Stardust constituted a major gamble at a time when Nelson was riding the crest of the outlaw country wave with his longtime collaborator Waylon Jennings.

A 90-degree left turn into the music of Hoagy Carmichael, George and Ira Gershwin, Duke Ellington and their peers was the last thing the public expected, despite the versatility and ambition Nelson had shown in themed concept albums that preceded Stardust, including Red Headed Stranger, Phases and Stages and his salute to Lefty Frizzell, To Lefty From Willie.

But it made total sense to Bruce Lundvall, the Columbia Records executive who signed Nelson to the label in the 1970s and now heads Blue Note Records, the jazz label that's releasing American Classic.

"When I signed him in the '70s, the first record he came in with was Red Headed Stranger," Lundvall said from his home in New York while recuperating from recent heart surgery.

"I called a meeting and told the staff, 'It may not sell, but it's Willie's dream record and we're putting it out.'

"I was way off base. It sold 3 million copies. Then he came back with Stardust and I thought, 'My God, how are they going to play this at country radio?' I was wrong again."

As for American Classic, another pet project for Lundvall, "I don't have expectations of it doing what Stardust did - that was unprecedented, and it became his best seller of all time. But I think it will do very well for us. ... The greatest thing for me is just being back in business with Willie Nelson."

Nelson says his heart always has belonged as much to jazz as to country.

Nelson explored the common ground between the genres on his 2008 album with New Orleans trumpeter Wynton Marsalis, Two Men With the Blues, an effort Marsalis spearheaded as head of the Jazz at Lincoln Center programme in New York.

It allowed Nelson to stretch out as both instrumentalist and vocalist, even beyond the signature elastic style he has exploited so successfully in country music.

That style is apparent in American Classic, particularly in Earl K. Brent and Matt Dennis' Angel Eyes, which presents a singer with some extraordinary melodic twists and turns.

When it's suggested that it often seems that he can sing anything, Nelson laughs again. "That's the problem sometimes," he says. "Sometimes you may have to rewrite on the spot - I think that's where jazz got started, because a guy forgot the melody."

Nelson's anti-establishment persona, along with philanthropic efforts including the annual Farm Aid concerts and conservation efforts such as his support of bio-diesel fuel and campaign against the slaughter of horses, have maintained his reputation as a maverick, which helps him as time goes on to win the respect of many beyond country music aficionados.

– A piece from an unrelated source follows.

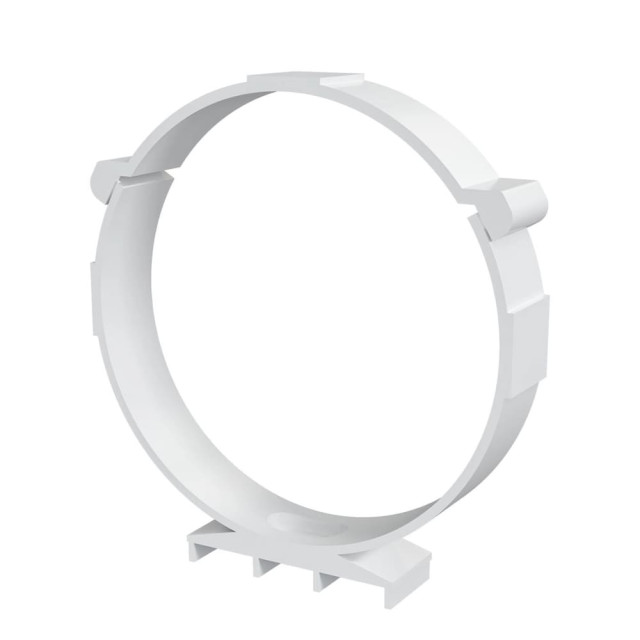 Диффузор приточно-вытяжной Era 15DK со стопорным кольцом и фланцем 150 мм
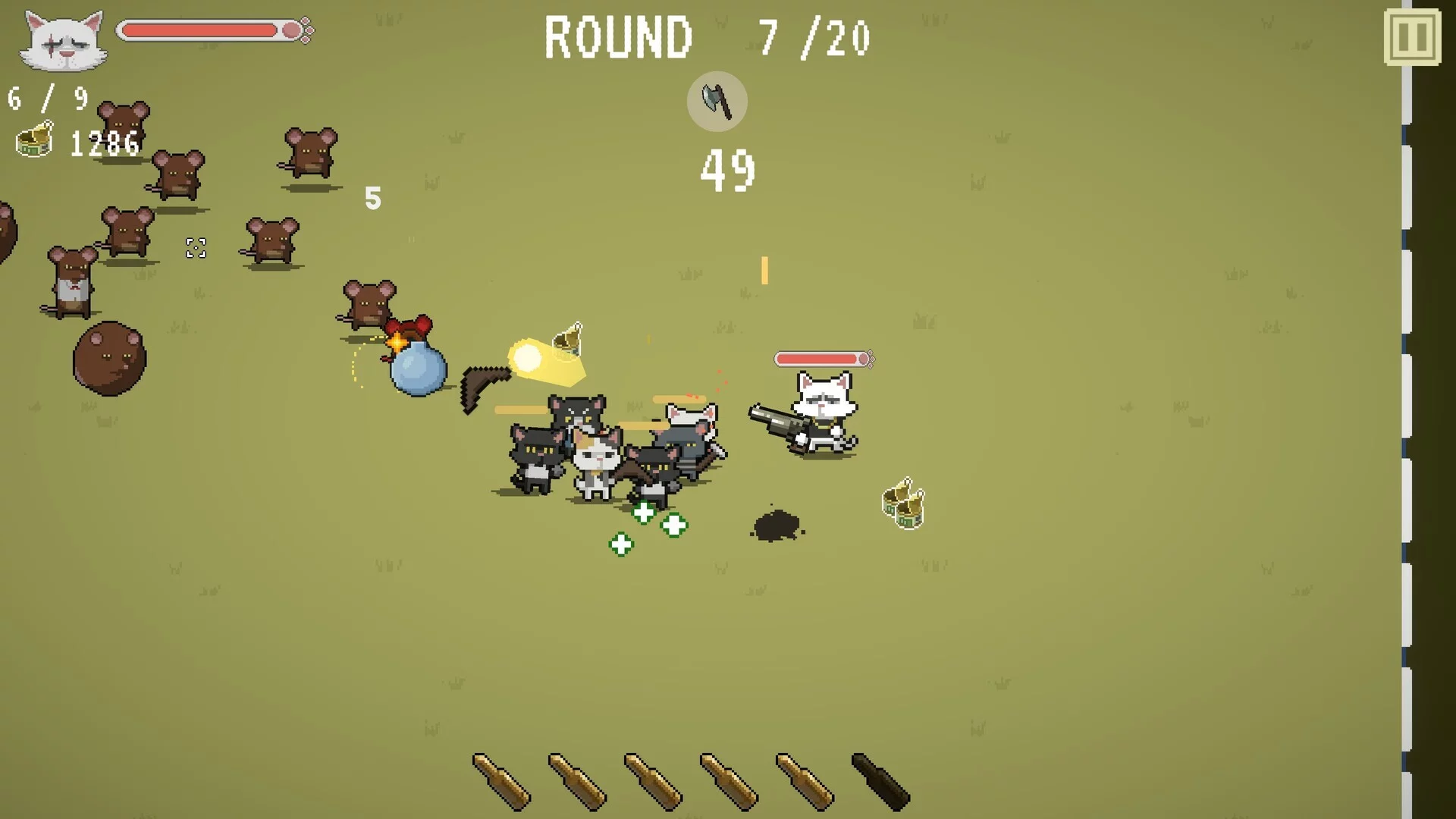 Изображение игры: Meow Legion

"One of the big things that caught my attention was after he moved to Nashville in the '60s, he and another Texan, Waylon Jennings, eventually told the Nashville people to go to hell, and they left," says Sample.

It's easy to wonder how he handles the pace he maintains.

American Classic is his fourth album in 2009 alone.

Once in a while there's a subtle sign that, as he sang to great comic effect on one of those albums for the Lost Highway label, I Ain't Superman.

"Fortunately and unfortunately, I'm out here a lot. It's good, because I like to play," he says, then coughs. "But at some point you're ready to go sit down and rest a while."